Yes. Take the polynomial $2X^2+X \in \mathbb{Z}_4[X]$. Then, $(2X^2+X)(2X^2+X)=X^2$.
If you are on an integral domain, this cannot happen. This is because the coefficients of the top degree and the lowest degree will be non-zero.
Therefore, if you are talking about polynomials with rational coefficients or integer coefficients, the answer is: No.
Bottom line: If you don't know what an integral domain is, you are probably talking about a polynomial with rational coefficients, to which the answer to your question is: No, that can't happen.
If you know what an integral domain is, then the answer to your question is: In general, yes, it can happen.

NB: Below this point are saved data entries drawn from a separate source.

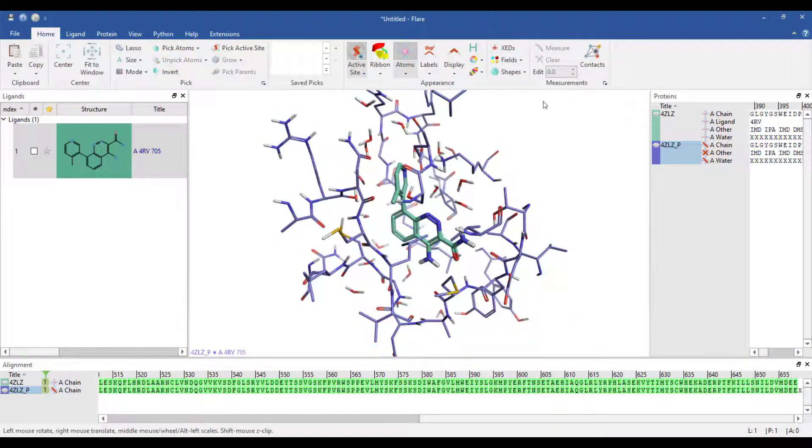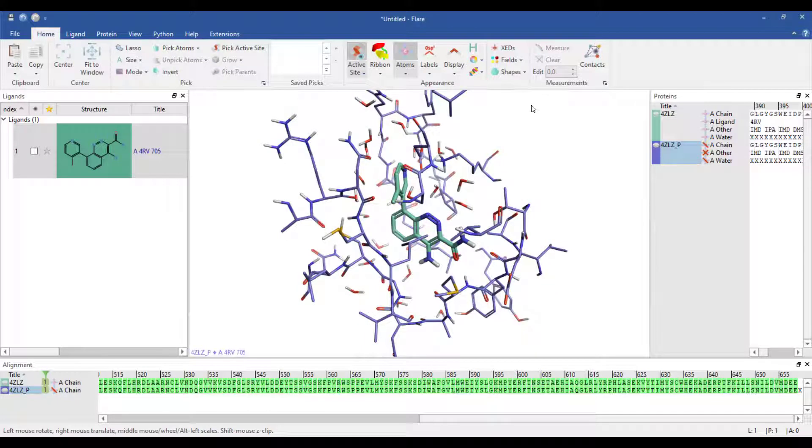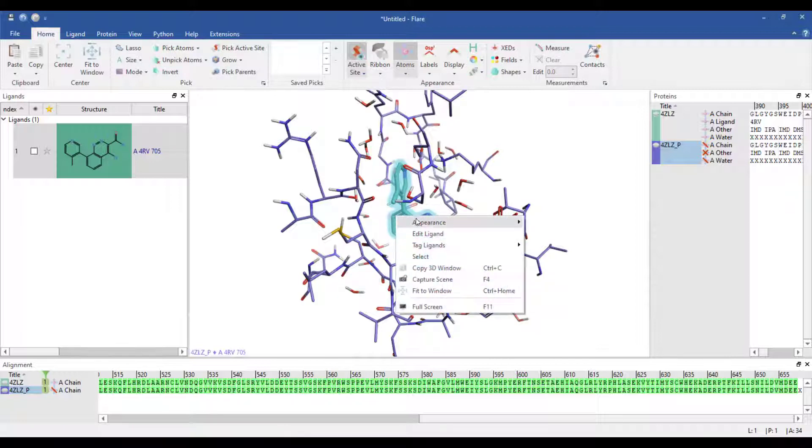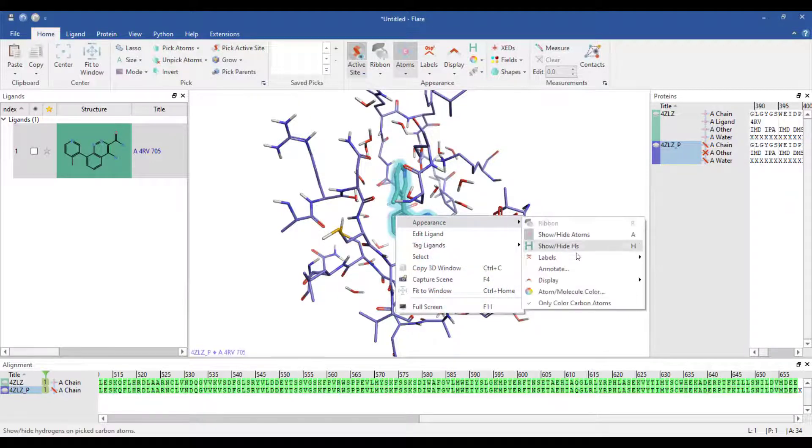The ligands representation style can be changed to ball and stick in a similar way, or alternatively I can select the ligand, right click and pick from the resultant pull down menu.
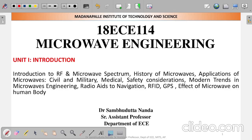Hello, welcome to this new video series of Microwave Engineering. In this subject we will be reading about Microwave Engineering and related topics. In the first video we will be discussing some introduction to Microwave Engineering.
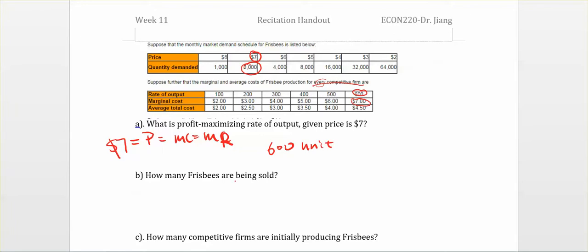The next question: how many frisbees are being sold? Given price equal to seven dollars, we go back to the first table. The quantity demanded — meaning how many frisbees can be sold — is equal to two thousand units.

But it can't happen in an integral domain.
I assume that you speak about polynomials with real coefficients.
Suppose that the polynomials are $P(x)=ax^p+\cdots+bx^q$, $Q(x)=cx^r+\cdots+dx^s$, where
- $a,b,c,d\neq 0$
- $p>q\ge 0$ and $r>s\ge 0$
- Of course, the terms omitted between have intemediate degree.
Then, the product $P\cdot Q$ has at least two terms: $acx^{p+r}$ and $bdx^{q+s}$. Note that $ac$ and $bd$ are not zero.
If you multiply two monomials you will get a monomial.
The only root of a monomial is x=0.
Polynomials (excluding monomials) have at least one non-zero root (possibly complex and possibly in addition to 0, but at least one non-zero root).
If we multiply one polynomial by another, the roots of the of the original polynomials are roots of the product.
If the original polynomial has a non-zero root, the product has non-zero roots, and is not a monomial.